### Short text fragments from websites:
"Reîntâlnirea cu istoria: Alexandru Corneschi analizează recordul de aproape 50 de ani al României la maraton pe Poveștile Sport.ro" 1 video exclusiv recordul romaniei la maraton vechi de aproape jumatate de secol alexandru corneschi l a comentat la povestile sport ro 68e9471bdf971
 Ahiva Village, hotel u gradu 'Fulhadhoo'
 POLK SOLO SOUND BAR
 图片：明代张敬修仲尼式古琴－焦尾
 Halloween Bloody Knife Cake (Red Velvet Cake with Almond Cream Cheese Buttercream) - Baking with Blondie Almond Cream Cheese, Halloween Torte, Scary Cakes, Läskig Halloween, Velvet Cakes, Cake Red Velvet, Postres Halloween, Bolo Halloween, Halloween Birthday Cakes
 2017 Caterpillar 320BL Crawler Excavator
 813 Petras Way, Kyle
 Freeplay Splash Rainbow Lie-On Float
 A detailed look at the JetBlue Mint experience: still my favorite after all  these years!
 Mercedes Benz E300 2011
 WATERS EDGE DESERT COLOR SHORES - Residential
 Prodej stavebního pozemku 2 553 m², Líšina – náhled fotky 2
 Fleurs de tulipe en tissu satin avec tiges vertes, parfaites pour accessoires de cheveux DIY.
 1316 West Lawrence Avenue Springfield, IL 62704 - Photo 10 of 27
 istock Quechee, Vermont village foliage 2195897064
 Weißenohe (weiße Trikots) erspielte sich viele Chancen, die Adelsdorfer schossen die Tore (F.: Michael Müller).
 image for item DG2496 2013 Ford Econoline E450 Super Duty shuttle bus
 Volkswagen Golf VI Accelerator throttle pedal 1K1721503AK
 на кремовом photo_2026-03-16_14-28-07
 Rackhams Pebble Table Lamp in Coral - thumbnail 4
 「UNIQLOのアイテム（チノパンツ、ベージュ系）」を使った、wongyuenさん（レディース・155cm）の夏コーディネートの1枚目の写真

### REQUIRED WORK:
Among the records above, only the lines between the line holding "POLK SOLO SOUND BAR" and the line holding "Rackhams Pebble Table", inclusive, are to be output, exactly as written.

### SOLUTION FOR THIS TASK:
 POLK SOLO SOUND BAR
 图片：明代张敬修仲尼式古琴－焦尾
 Halloween Bloody Knife Cake (Red Velvet Cake with Almond Cream Cheese Buttercream) - Baking with Blondie Almond Cream Cheese, Halloween Torte, Scary Cakes, Läskig Halloween, Velvet Cakes, Cake Red Velvet, Postres Halloween, Bolo Halloween, Halloween Birthday Cakes
 2017 Caterpillar 320BL Crawler Excavator
 813 Petras Way, Kyle
 Freeplay Splash Rainbow Lie-On Float
 A detailed look at the JetBlue Mint experience: still my favorite after all  these years!
 Mercedes Benz E300 2011
 WATERS EDGE DESERT COLOR SHORES - Residential
 Prodej stavebního pozemku 2 553 m², Líšina – náhled fotky 2
 Fleurs de tulipe en tissu satin avec tiges vertes, parfaites pour accessoires de cheveux DIY.
 1316 West Lawrence Avenue Springfield, IL 62704 - Photo 10 of 27
 istock Quechee, Vermont village foliage 2195897064
 Weißenohe (weiße Trikots) erspielte sich viele Chancen, die Adelsdorfer schossen die Tore (F.: Michael Müller).
 image for item DG2496 2013 Ford Econoline E450 Super Duty shuttle bus
 Volkswagen Golf VI Accelerator throttle pedal 1K1721503AK
 на кремовом photo_2026-03-16_14-28-07
 Rackhams Pebble Table Lamp in Coral - thumbnail 4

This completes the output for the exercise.